Is There A Number Other Than ‘6’ For Her?

Stephen Hunter The Baltimore Sun

She should know after today. It’s a big question, the one that has dominated her life for the past decade, and now it’s going to be answered.

After today, will “Girl 6” be Girl 1? Or at least Girl 2 or 3?

That is, after today will Theresa Randle, a small thing in some big movies and the best thing in some bad movies, be an old-fashioned star? Spike Lee’s “Girl 6,” starring her and only her, opens all over America today. She is in every scene, her heart and emotions drive the movie, her charisma fills it. If she doesn’t work, the movie doesn’t work.

In a film culture suddenly rich in female black talent - with Angela Bassett and Halle Berry up front, Alfre Woodard and Anna Deveare Smith closing fast and Loretta Devine, Lola Rochon and Jada Pinkett just behind them - will Randle move up to the head of the parade?

Randle, 28, and a mere slip of a woman with doe eyes, hopes so and is honest about her ambition.

“I pray that will happen,” she says. “Basically, I’m just sitting back hoping Hollywood will take notice.”

She has certainly paid her dues.
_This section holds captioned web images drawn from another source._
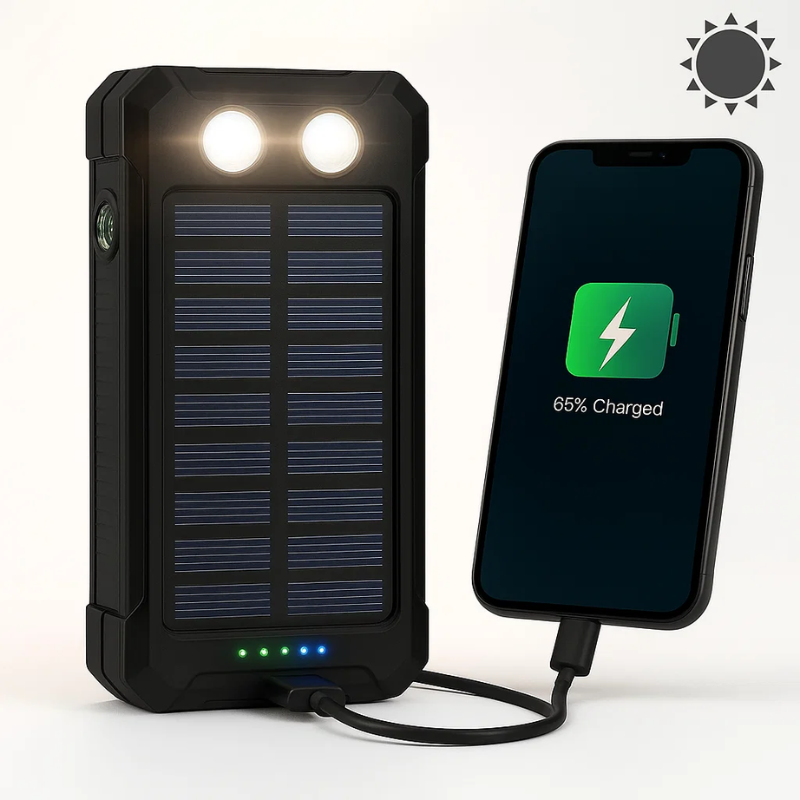 Batería recargable de 500000 mAh, cargador portátil de doble puerto USB para emergencias al aire libre con panel solar y linterna LED para camping, viajes y senderismo | Thomler
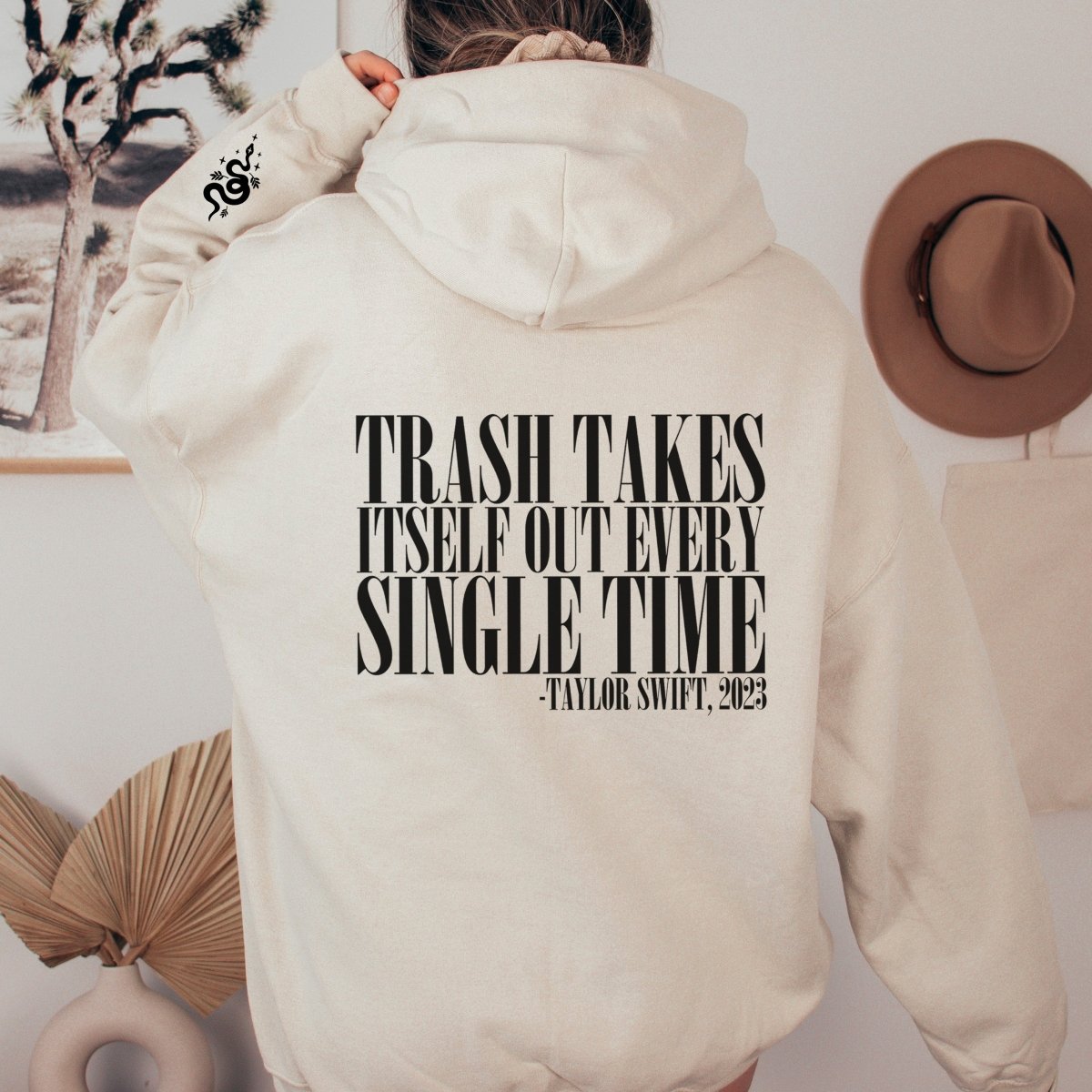 Trash Takes Itself Out Back of Hoodie & Sleeve - Limeberry Designs
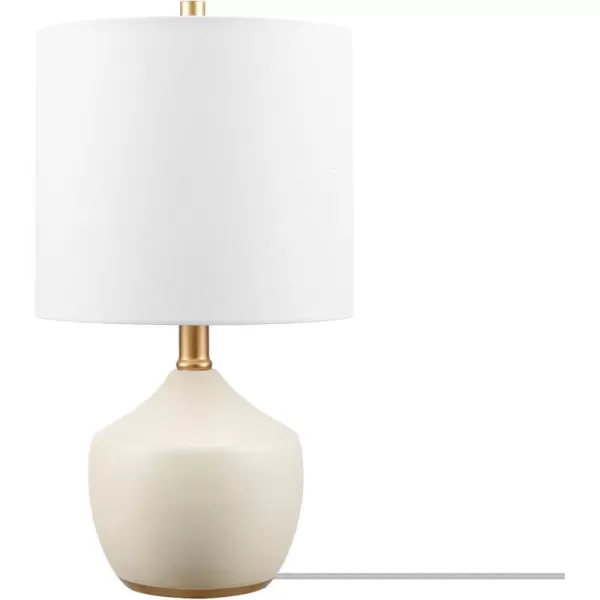 Globe Electric 67155 20quot Fillable Table Lamp Clear Glass and Steel Base White Fabric Shade Reading Light Home Essentials Bedroom Nightstands Room Dcor DormWhite Cream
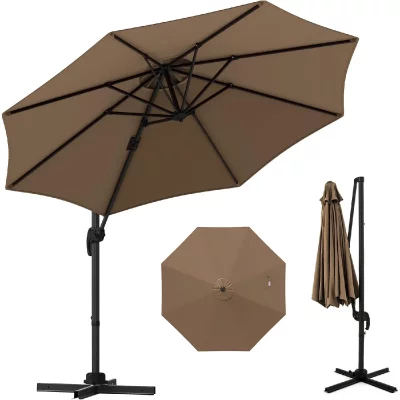VENDOS85 Parasol d&eacute;port&eacute; rond 294 cm aluminium r&eacute;glable &ndash; Marron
She was in Abel Ferrara’s “The King of New York” and in “Sugar Hill,” opposite Wesley Snipes. More recently she was in “Bad Boys,” playing Martin Lawrence’s wife; her credits go back to “The Five Heartbeats” and “Jungle Fever” and “Beverly Hills Cop III” and “Malcolm X.” Her next film stars her opposite Michael Jordan; it’s a part-animated feature called “Space Jams.”

But for now, she is at the absolute center of the first Spike Lee film that isn’t about race at all but phone sex, and which is certain to be controversial.

How does a nice person like Theresa Randle - and Theresa Randle is extremely nice - end up in a movie like this? She’s not even sure herself.

“When I got the script,” she recalls, “I had to put it down and take a big breath. The dialogue frightened me. A red light went on. ‘No way I’m going to do this,’ I thought. ‘I’ve been a good girl,’ ” she says with a laugh, and it’s true.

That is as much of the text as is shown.